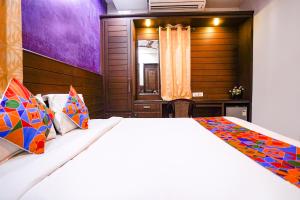 a bedroom with a large bed with colorful pillows at FabExpress MM Residency in Chennai
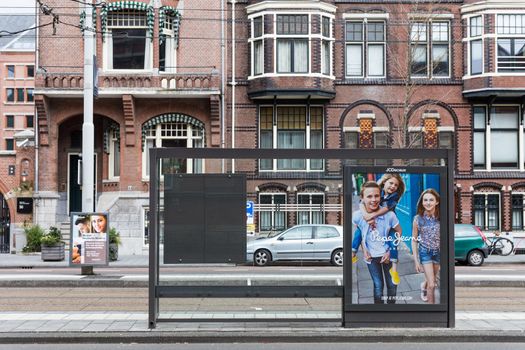 Blank billboard on a roadside in european town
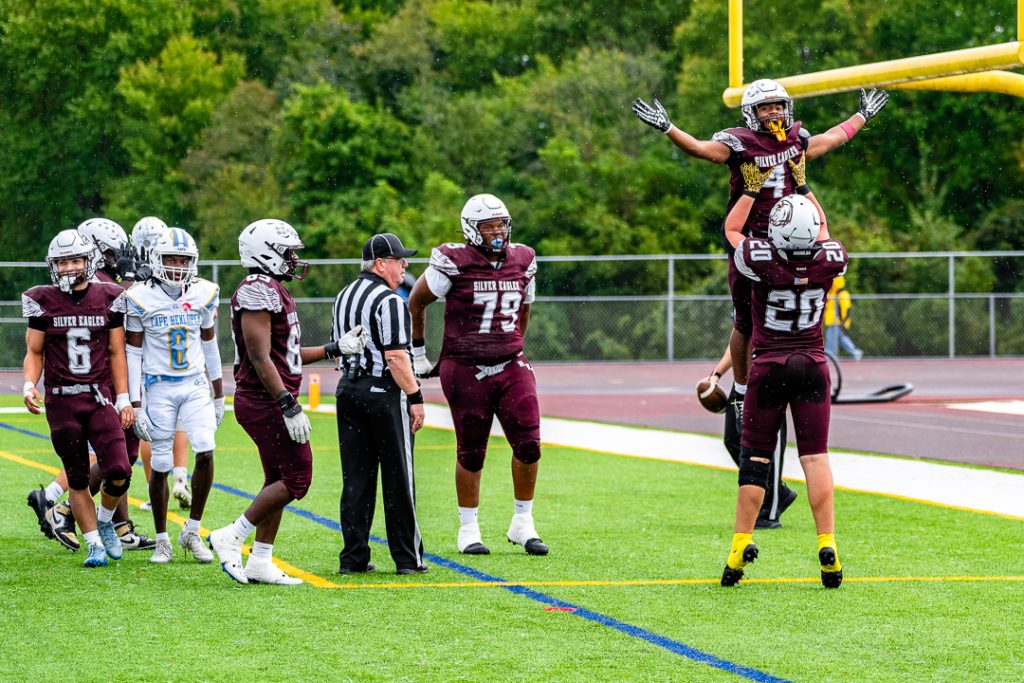 Sabur is lifted into the air by senior Braden Collins after scoring his second touchdown of the first quarter.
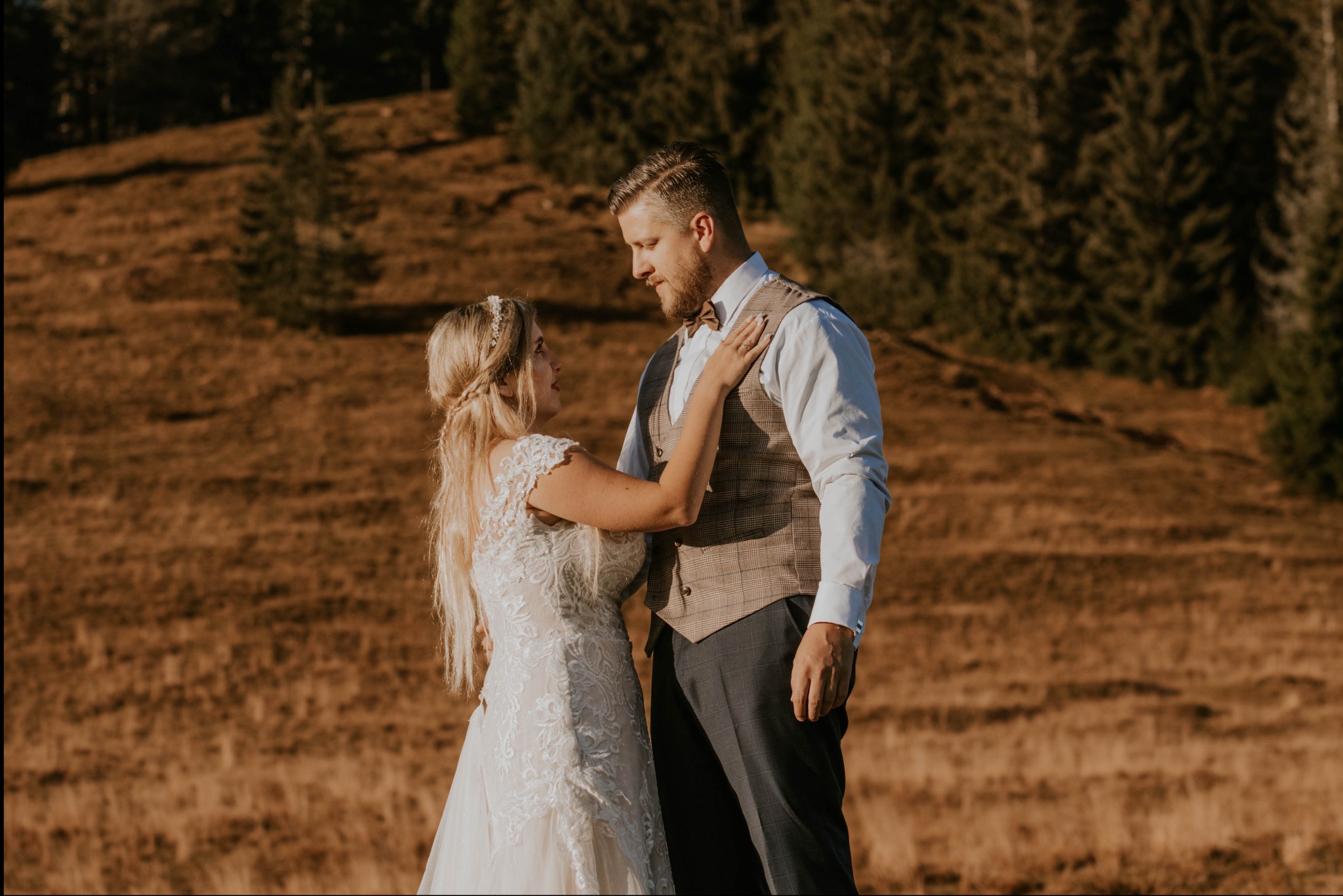 Para młoda w plenerze: panna młoda w koronkowej sukni z warkoczem i ozdobą we włosach, dotyka ramienia pana młodego w brązowej kamizelce w kratę i muszce, na tle wzgórza z drzewami.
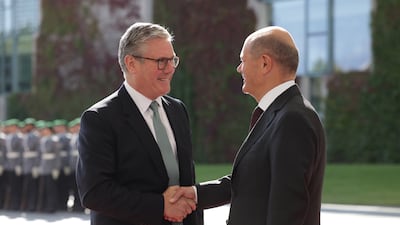 German Chancellor Olaf Scholz greets Mr Starmer at the Chancellery in Berlin, in August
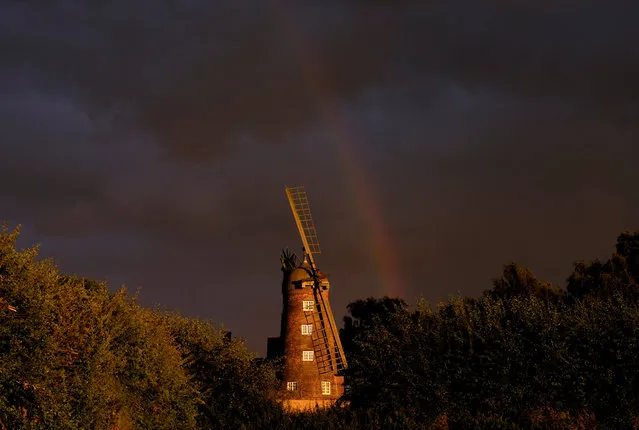 A rainbow forms over a windmill after rainfall in Shepshed, Britain, August 5, 2016. (Photo by Darren Staples/Reuters)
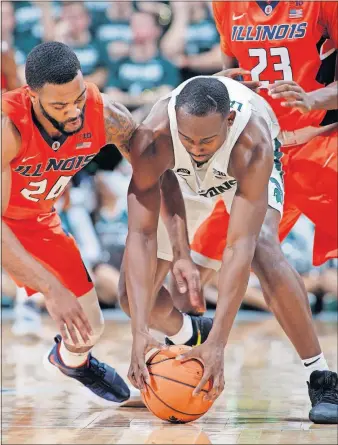  ?? [AL GOLDIS/THE ASSOCIATED PRESS] ?? NEBRASKA 66, INDIANA 57: Joshua Langford, right, of Michigan State tries to the secure the ball before Mark Alstork of Illinois can grab it during the first half. MIAMI 84, BUFFALO 81: AKRON 81, BOWLING GREEN 79: EASTERN MICHIGAN 85, TOLEDO 79:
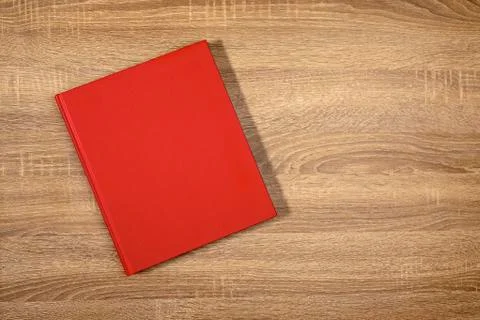 Red book on the brown pine table Stock Photos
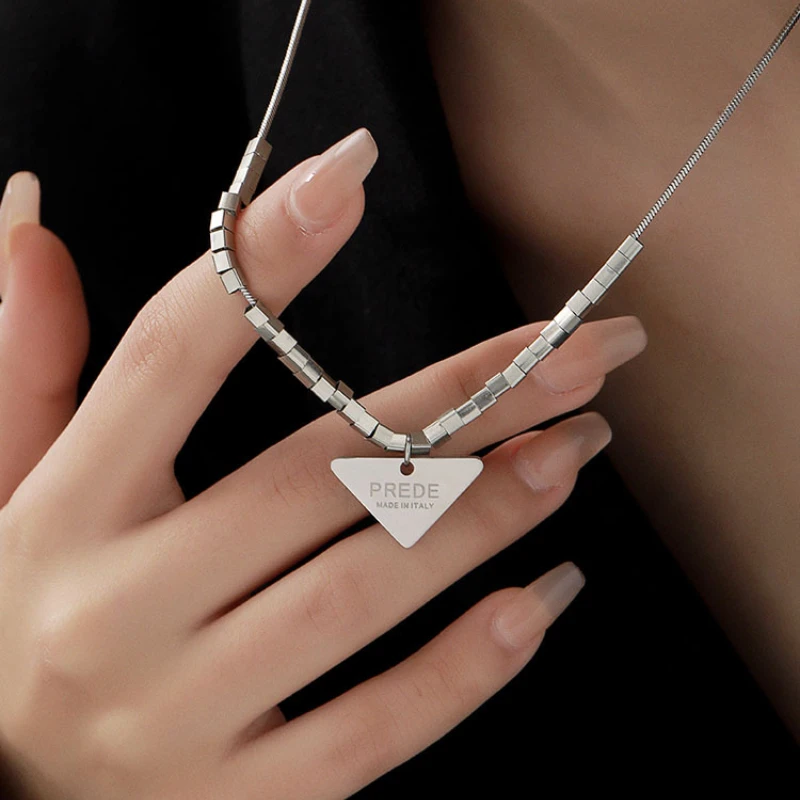 

2023 Street Personality Trend Lettering Triangle Titanium Steel Pendant Cold Wind Unisex Fashion Retro Necklace Snake Bone Chain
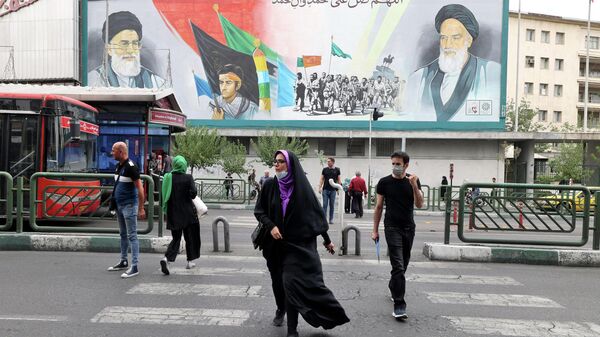 Иранцы проходят мимо рекламного щита с изображением верховного лидера Ирана аятоллы Али Хаменеи и аятоллы Рухоллы Хомейни в столице Тегерана - Sputnik Абхазия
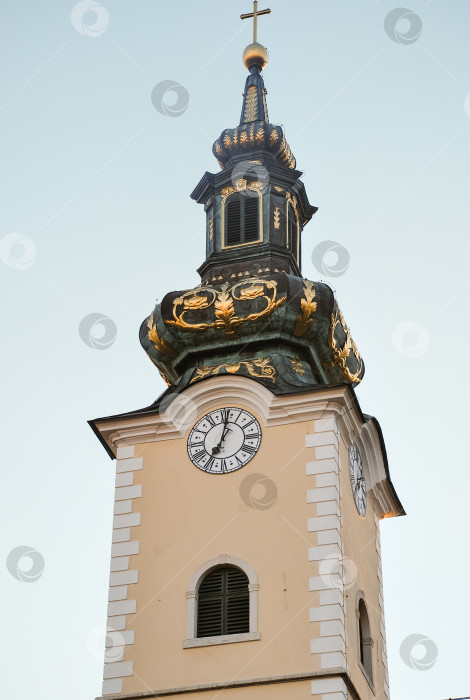 Скачать Элегантная церковная башня с часами и шпилем на фоне ясного голубого неба фотосток Ozero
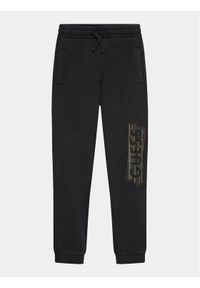 Guess Spodnie dresowe L3BQ12 KAD74 Czarny Relaxed Fit. Kolor: czarny. Materiał: bawełna #1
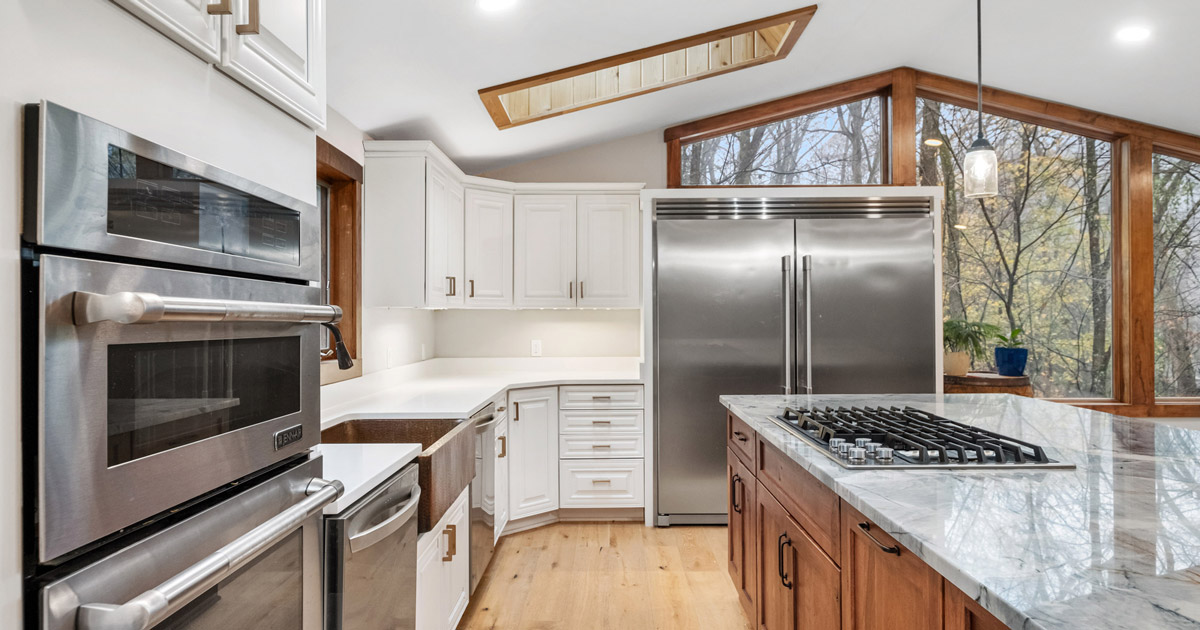 Modern kitchen with white cabinets, marble island with gas stove, stainless steel double oven and refrigerator, and large windows showing trees outside.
· · ·
### TASK REQUIREMENTS
Write out word for word the lines of the listing above from the line with "Иранцы проходят мимо" to the line with "Guess Spodnie dresowe", taking in both of those lines but no pictures.

### RESPONSE FOR THIS EXERCISE
 Иранцы проходят мимо рекламного щита с изображением верховного лидера Ирана аятоллы Али Хаменеи и аятоллы Рухоллы Хомейни в столице Тегерана - Sputnik Абхазия
 Скачать Элегантная церковная башня с часами и шпилем на фоне ясного голубого неба фотосток Ozero
 Guess Spodnie dresowe L3BQ12 KAD74 Czarny Relaxed Fit. Kolor: czarny. Materiał: bawełna #1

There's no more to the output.